Architects and designers are very good at designing high-performance buildings that save water and energy, reduce waste, improve air quality and increase occupant health and productivity. They take a holistic approach to building design that considers all aspects of the built environment as part of one system. But do we really understand the behaviour of those that use them?

Despite the despair at RIO 20+, the United Nations Conference on Sustainable Development showed that we have been getting some things right, but it’s a slow process with a variety of protagonists. Here are some words of wisdom from one of them, Gro Harlem Brundtland, who established and chaired the Brundtland Commission in 1983, out of which came the most widely used definition of sustainable development.

“Obviously when you look back 25 years now, less than one would have expected has happened – that’s clear – but you can’t think you can turn the world round in 25 years.”

“There are ‘complex reasons’ why governments have been unable to take the vision further – including the power of corporations.”

“In our political system, corporations, businesses and people who have economic power influence political decision-makers – that’s a fact, and so it’s part of the analysis.”

So the challenge is how to achieve more in the urban environment in the next 25 years. What’s missing?

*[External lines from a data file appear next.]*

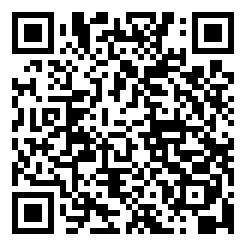 爱琳诗篇版二维码图片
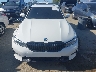 3MW5R1J05L8****** Wrecked 2020 BMW 3 Series in California State
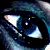 :iconangelhunter:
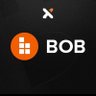 newbieofweb4 profil fotoğrafı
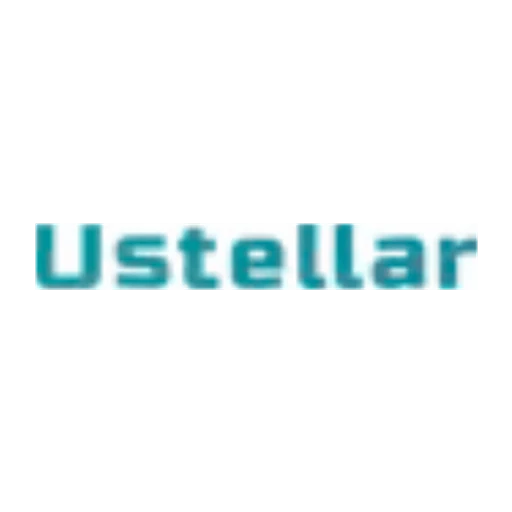 Ustellar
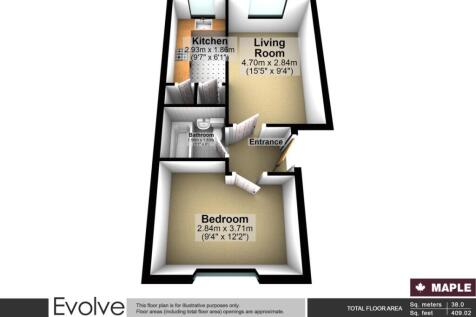 Property Image 6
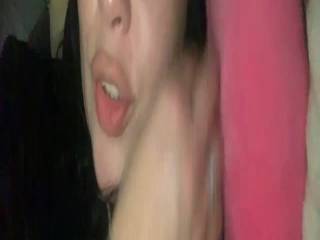 VikiBrownX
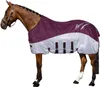 Imperial Riding Fliegendecke Rain & Fly IRHSuper-dry Voir les images du produit 1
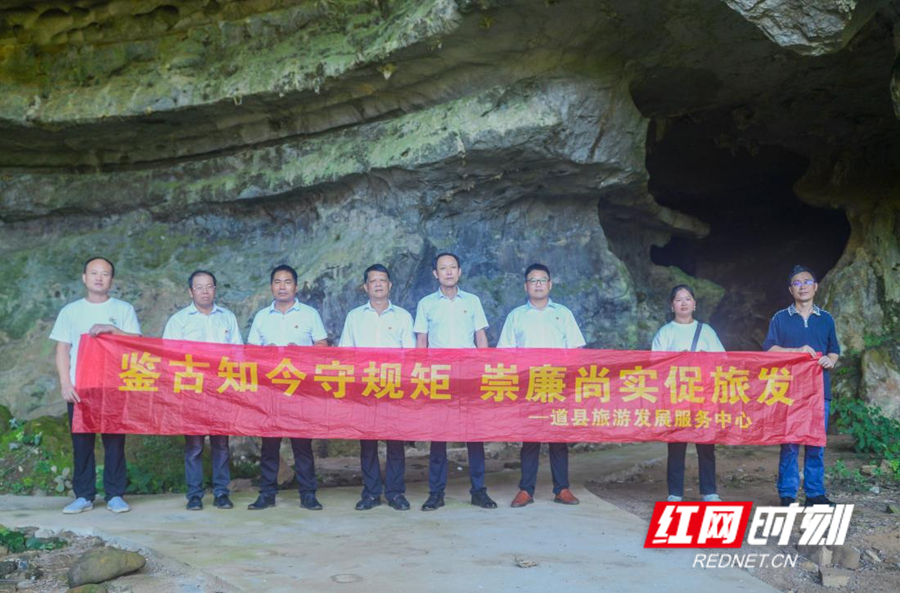 图片5_副本.jpg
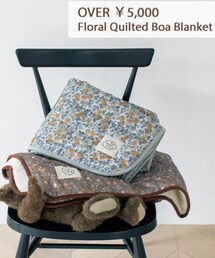 5000円ノベルティ | その他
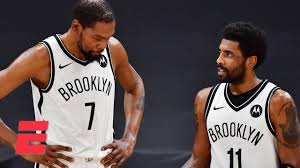 The brooklyn nets were able to hold off the milwaukee bucks in game 1, despite losing james harden to injury. Previewing Bucks Vs Nets Game 2 How Will Brooklyn Adjust Without James Harden Kjz Youtube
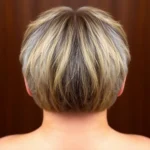 Hair Transplant Clinics in Grapevine, Texas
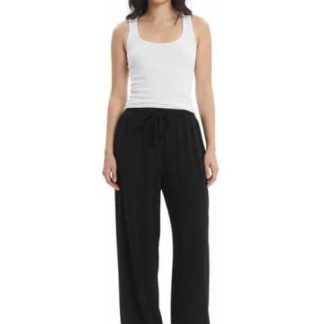PANTALON PROMO NEGRO PRIMARK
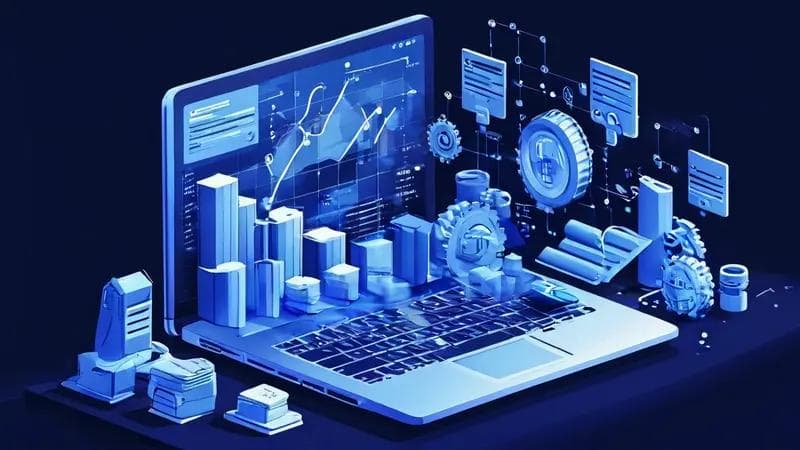 通达信软件指标测试完整指南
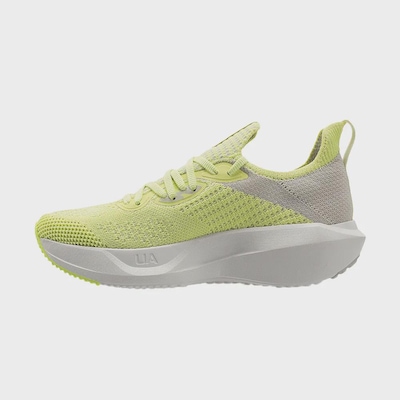 Tênis Adulto Under Armour Charged Slight 3 - Foto 2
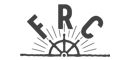 frc.gif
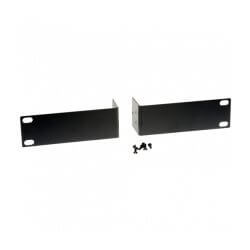 Kit A de montage en rack AXIS T85 - 01232-001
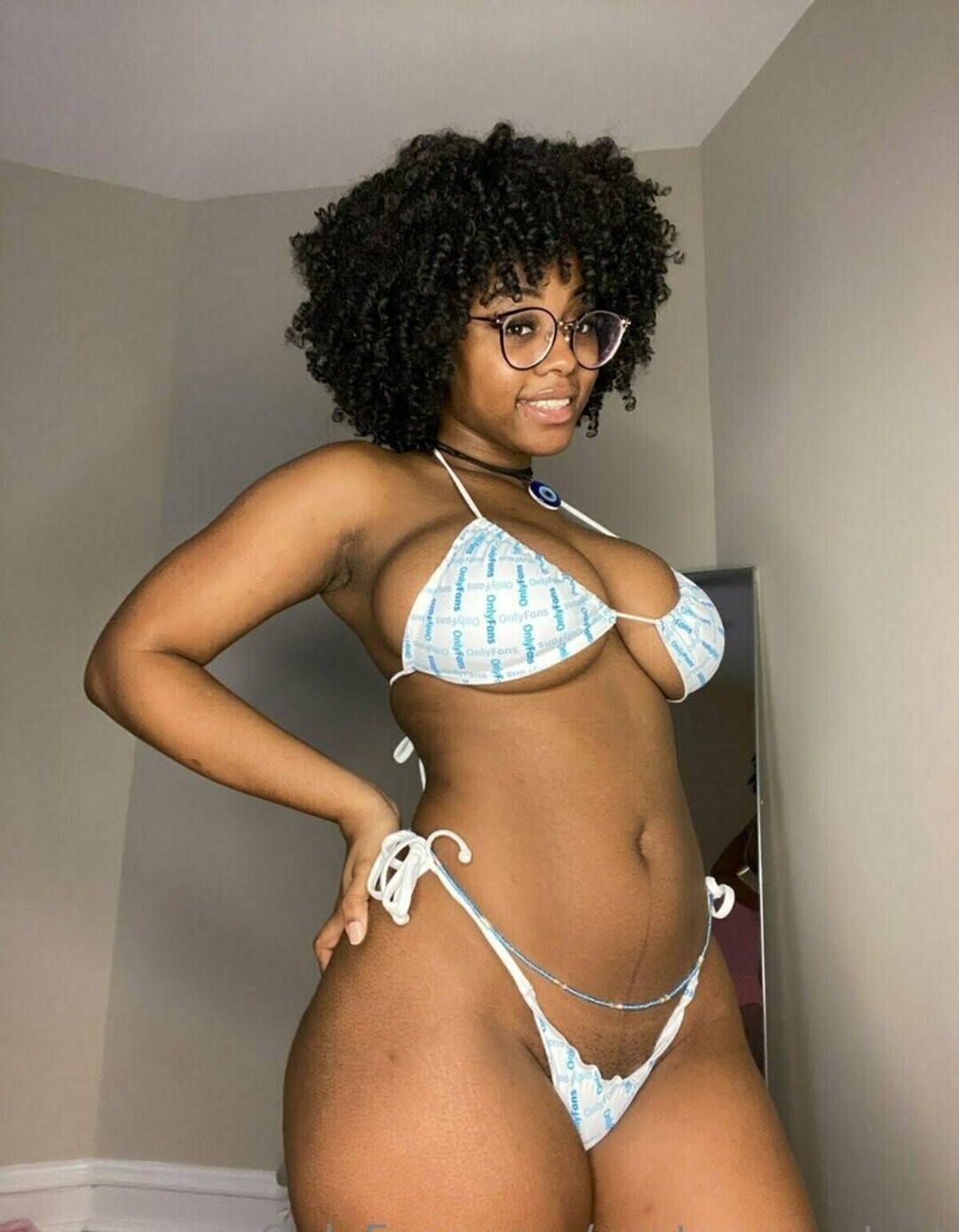 SantasSweetest perfect pornstar image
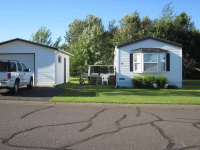 13 Nutmeg Lane, Duluth, MN 55810 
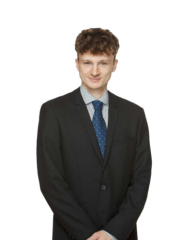  Matěj Petrovič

It struck me that some of the despair surrounding RIO was similar to the debate around landlords, building managers and occupiers. The corporations, politicians and people simply don’t agree. The occupier says they can do nothing because of the landlord’s financial and physical ownership, the building manager can only operate the system if the other two agree. They all need to be part of the design analysis, part of the brief.

An integral part of the built environment system is the building occupant. Without the occupants’ support of a building’s high-performing attributes, even the most well-designed building can fail to measure up to its high-performance potential. Occupants are critical to being sustainable despite often being ignored because of the complexity in addressing human behaviour.

A successful occupant engagement programme in a commercial building will help create a building-wide culture of awareness in which tenant organisations, employees and other stakeholders feel empowered and accountable for their contribution to a high-performance building. It is interesting that whilst RIO20+ was being reported, I was introduced to the work at the Toronto-Dominion Centre, by Perkins+Will.

The Toronto-Dominion Centre Green Portal. Source: Cadillac Fairview, Toronto-Dominion Centre

Buildings have life spans and need to be maintained and retrofitted to extend the lifecycle of equipment and parts. The Toronto-Dominion Centre is not like any other building though. The landlord wanted to keep the tenants and run a better building. What’s unusual is that, rather than trying to introduce green leases or make other demands that usually create conflict, a facilitator who is knowledgeable about behavioural use of buildings has been introduced. In this instance, Perkins+Will, as the facilitator, gathered a brief and helped make change happen, bringing the players together to understand each other’s issues and grievances so they can be translated into opportunities. The TDC has set up a green council made up of tenant representatives appointed by their organisations’ executive leadership. The Green Council acts as the advisory group for developing and driving the engagement program, holistically linking and acting as the catalyst for sustainability.

A comprehensive occupier engagement programme, introduced by the landlord, will feed into this process. What is particularly interesting and refreshing about this project is that it didn’t start with assumptions, it started with behavioural change. The landlord engaged with its occupants and went beyond posters and emails, a template of tools, one size-fits all, capital investment, retrofit, or money saving measures to understand the behaviours of the users so the solution works for everyone. It recognised that every business is different and even parts of the same business operate differently with varying priorities.

The end result is a better building, thanks to a considered brief informed by a comprehensive understanding of the building’s design, its operations and use and its demographics. New elements incorporated into the building are there for a reason and as such are a good investment.

The Living Roof at the bank pavilion at the TD Centre. Source: Cadillac Fairview, Toronto-Dominion Centre

Because occupant engagement is a new and emerging practice in the commercial building sector, there are myths to dispel, myths that were all too clear at RIO20+, just as they exist in our own understanding of architecture and design right now.

Architecture can and should be inspirational and we must engage occupiers in a comprehensive and meaningful dialogue so we can effect positive change for the benefit of future generations.